ROANOKE TIMES

                         Roanoke Times
                 Copyright (c) 1995, Landmark Communications, Inc.

DATE: SUNDAY, April 17, 1994                   TAG: 9404170064
SECTION: NATIONAL/INTERNATIONAL                    PAGE: A-1   EDITION: METRO 
SOURCE: The Washington Post
DATELINE: WASHINGTON                                LENGTH: Medium


WARRANTLESS SEARCHES PART OF GUN CRACKDOWN

The Clinton administration introduced a new policy Saturday to permit police without warrants to raid and search public housing apartments but said the plan will not violate tenants' constitutional rights.

The president outlined the policy in his weekly radio address, including it in a pitch for the pending anticrime bill.

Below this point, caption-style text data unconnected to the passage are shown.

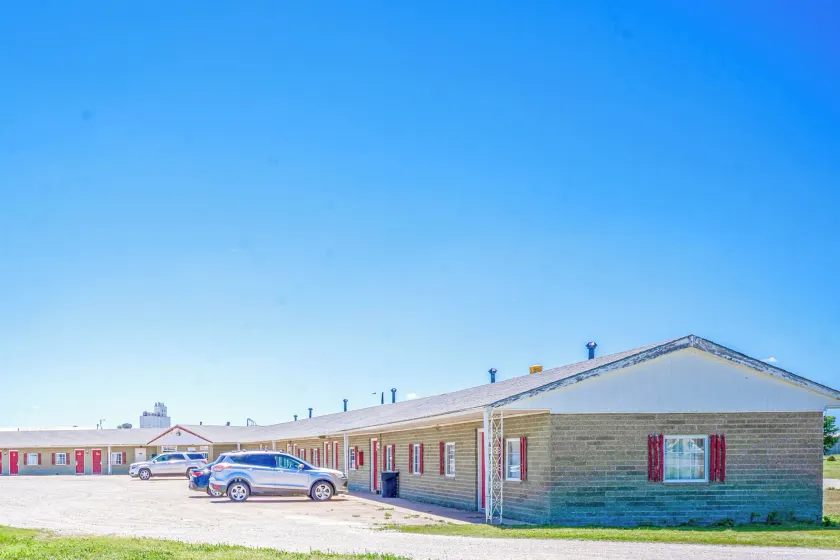 Green Acre Motel by OYO Near Rush County Airport - Image 1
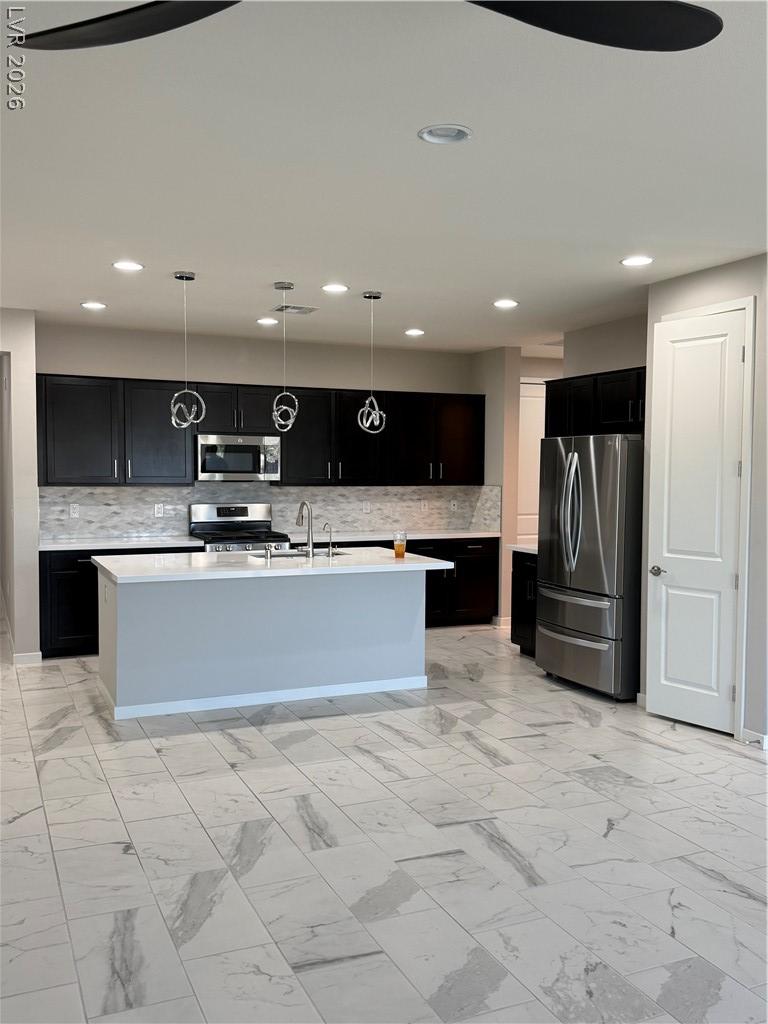 6727 Traveling Palmer Street North Las Vegas NV 89086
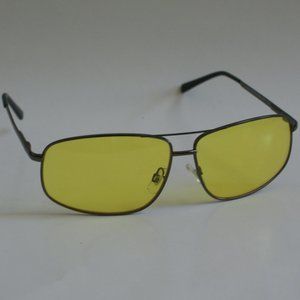 NWT Vintage sports Night Driving Yellow lens shooting low light glasses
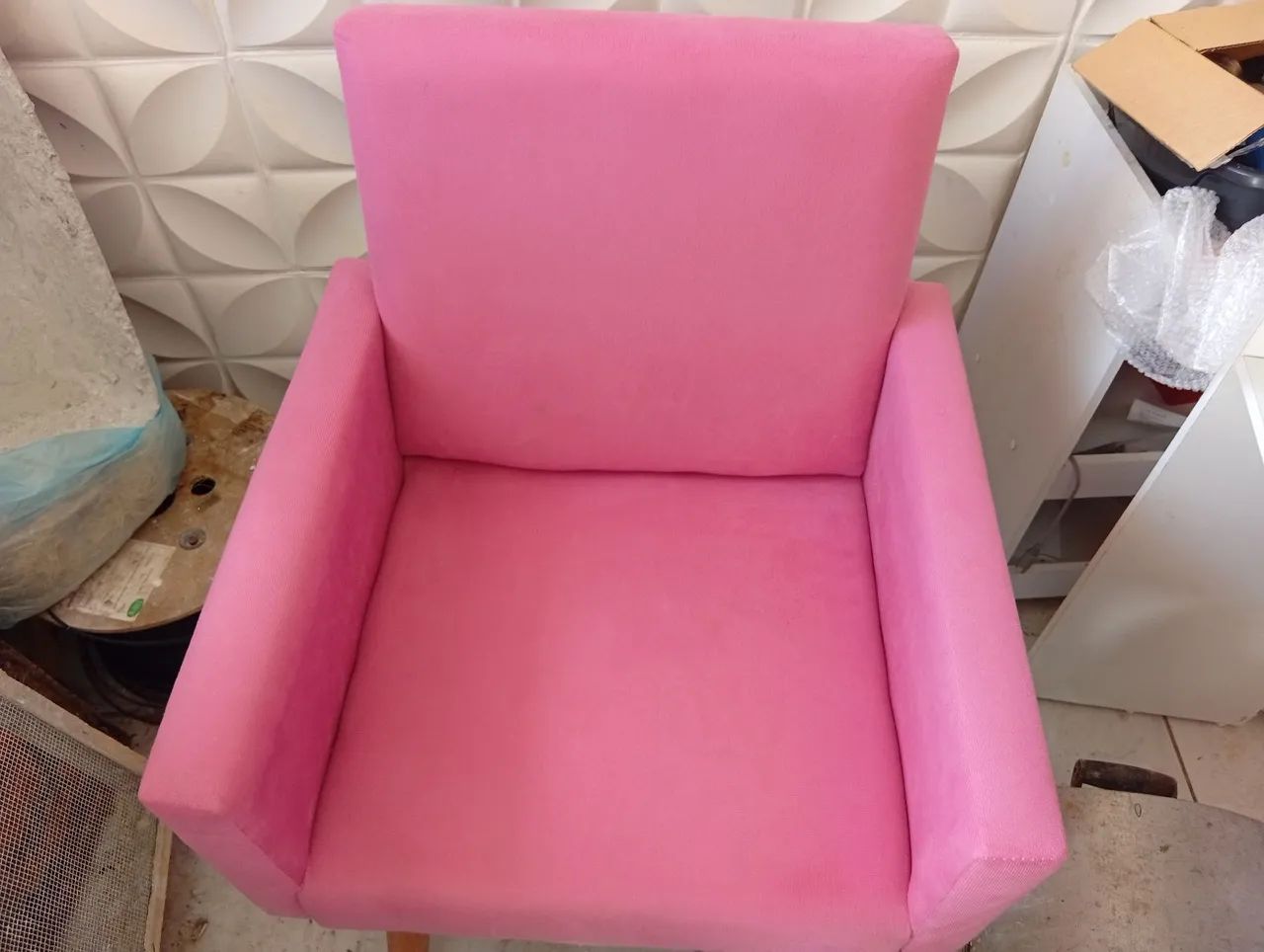 Vendo poltrona bom estado 70 reais pra vender logo - Foto 3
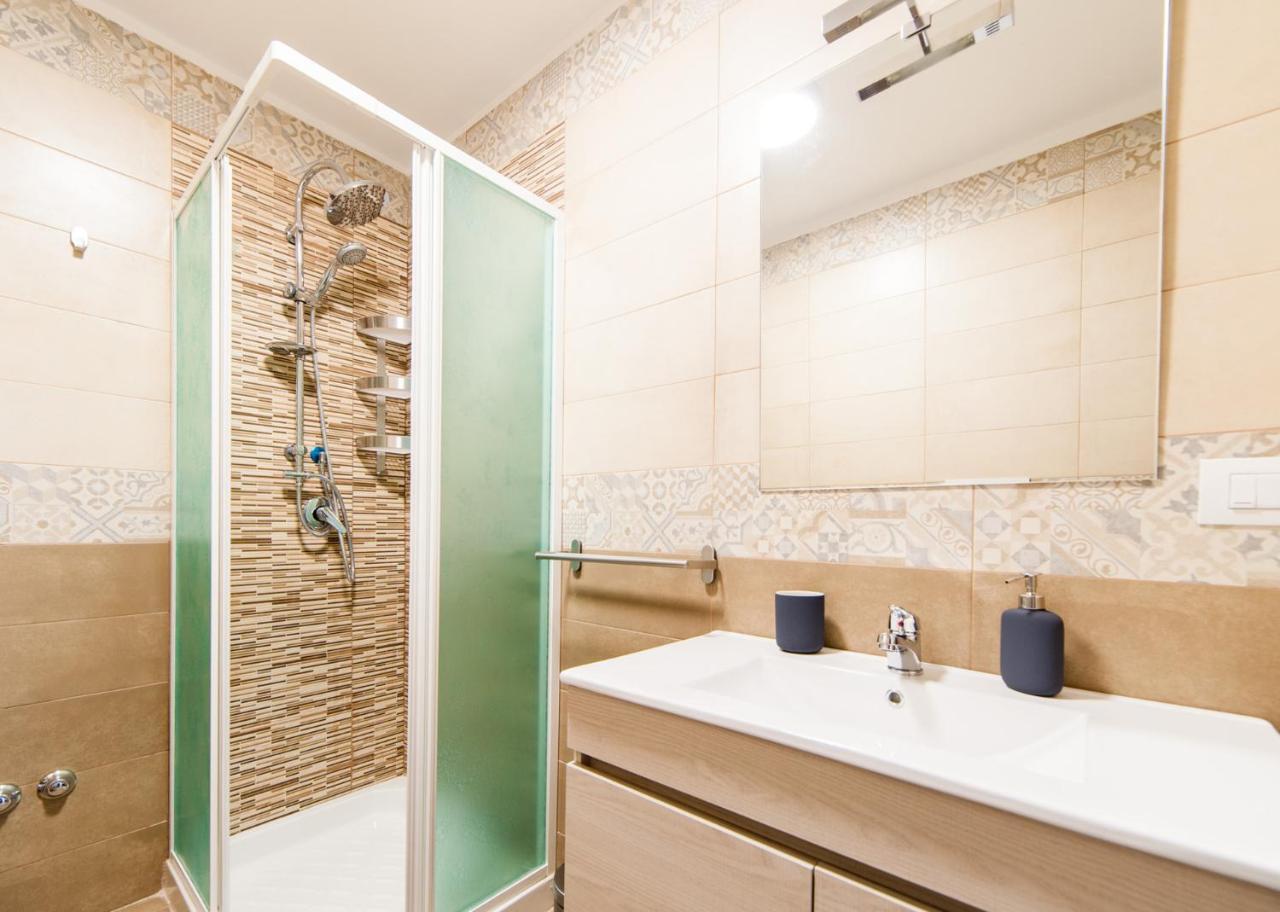 Demi Rooms Napoli Dış mekan fotoğraf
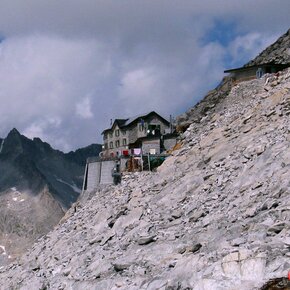 Hike to Rifugio Lobbie Caduti dell’Adamello | © APT Madonna di Campiglio, Pinzolo, Val Rendena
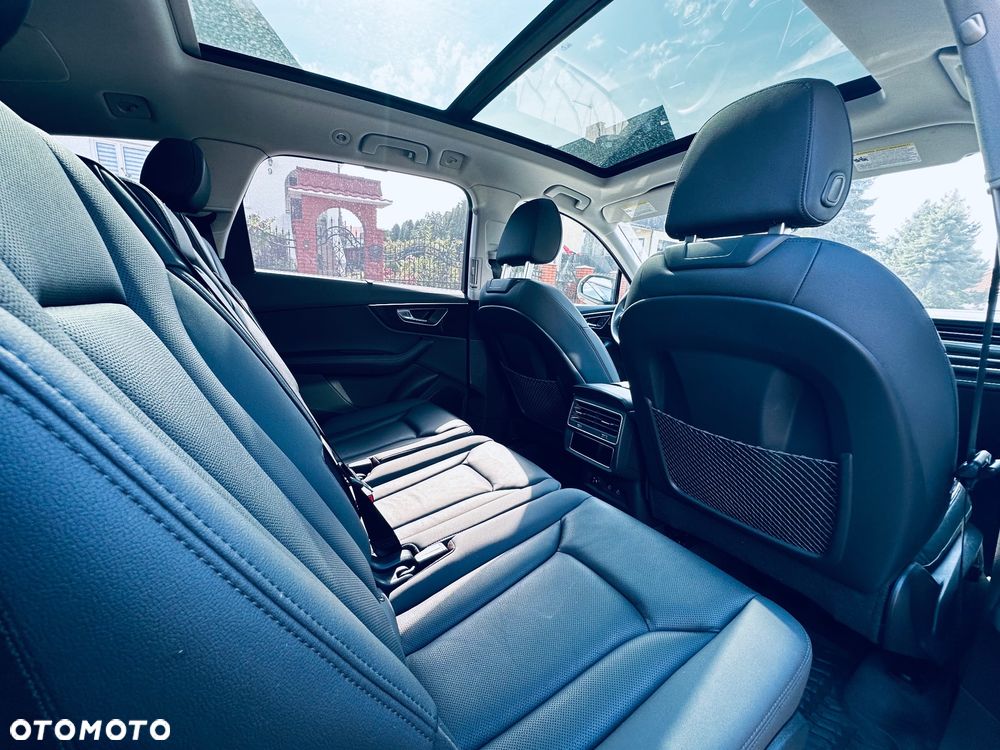 Audi Q7 55 TFSI quattro tiptronic - 12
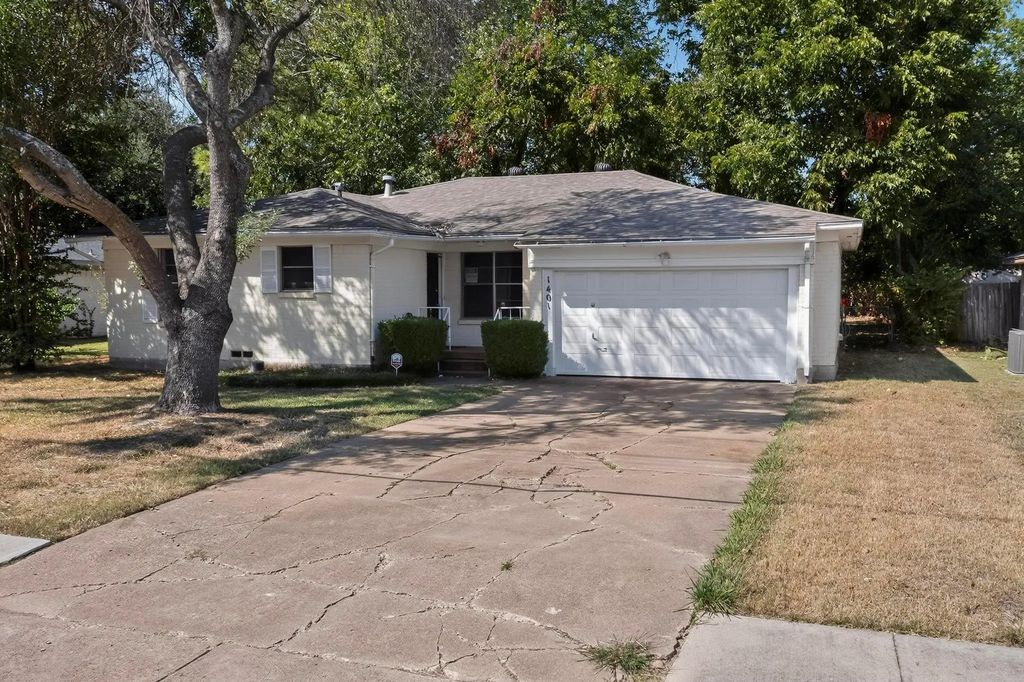 1401 N Rogers Road, Irving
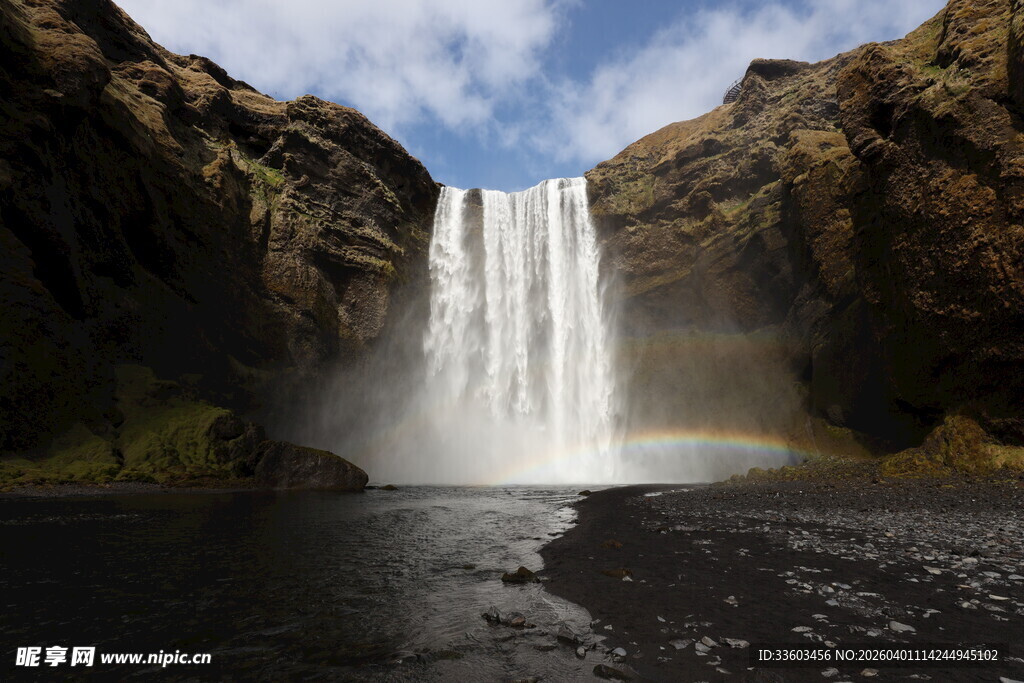 山间瀑布现绚丽彩虹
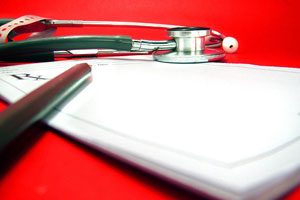 Une plainte pour injure raciste contre un médecin aixois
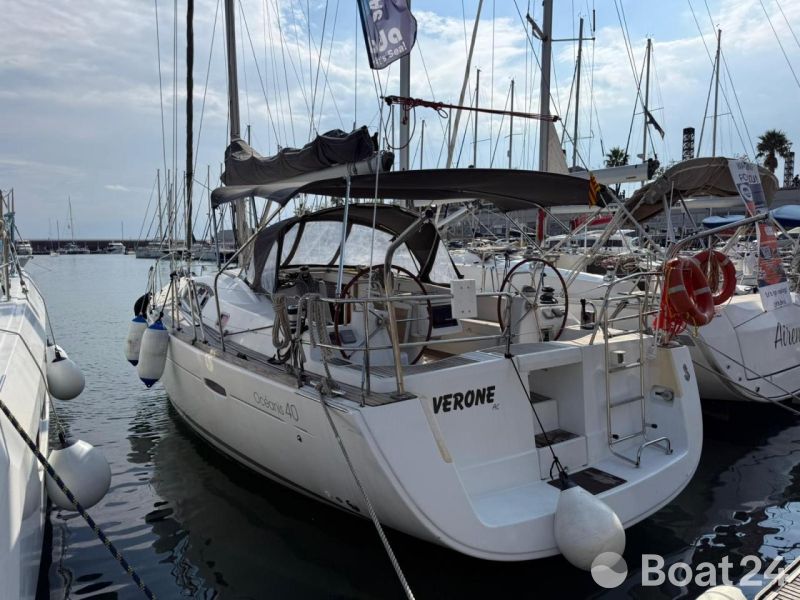 Beneteau Oceanis 40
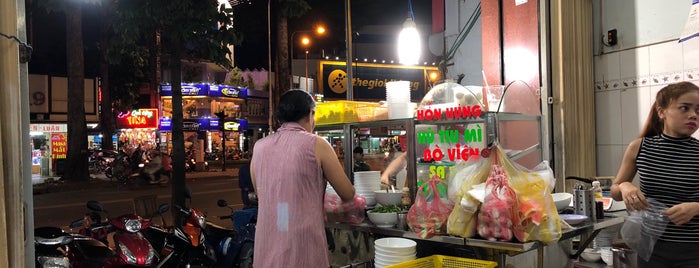 hủ tíu sa tế bò Hớn Hưng 漢興牛肉粉 is one of food places in HCMC.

He contrasted constitutional fears about unlawful searches with the needs of public housing residents suffering "bloodshed and terror."

"The crime bill will help us take back those rights for all of our people," Clinton said. "So will our new policy to protect public housing residents."

The policy grew out of a conflict last August between the Chicago Housing Authority and the American Civil Liberties Union over a Housing Authority-sponsored warrantless "sweep" of a housing project by police searching for guns.

On April 7, a federal judge reaffirmed a ban on sweeps, siding with the ACLU in ruling they violated Fourth Amendment rights prohibiting unlawful search and seizure.

Clinton then ordered Attorney General Janet Reno and Housing and Urban Development Secretary Henry Cisneros to devise a way to protect public housing residents without trampling the Constitution.

The result was the new policy, which Cisneros described at a White House news conference. Cisneros said $28.8 million in new or reprogrammed funds will be designated for security and crime prevention in Chicago's 135,000 public housing units. He also made clear that the new sweeps plan - the core of the policy - was designed not only for Chicago, but "so that other housing authorities across the country would be able to act upon it." The plan was devised to "look at the nature of the sweeps that might be necessary, and [execute them] within constitutional limits."

The policy envisions controlling lobbies of buildings in housing projects, frisking suspicious people, searching common areas and vacant apartments, obtaining warrants to search apartments for probable cause and conducting warrantless searches in emergency circumstances.

It also describes how housing authorities might use "consent clauses," in which tenants agree in their leases to let police conduct unannounced searches. Cisneros said similar clauses allow maintenance workers to enter apartments in case of fire or other emergencies.

No one was immediately available for comment at the ACLU. In Chicago, the Illinois state ACLU legal director, Harvey Grossman, told the Chicago Sun-Times on Thursday that written lease agreements "would be acceptable" as long as they are not "a condition of the lease" and could be revoked "whenever a tenant wants to."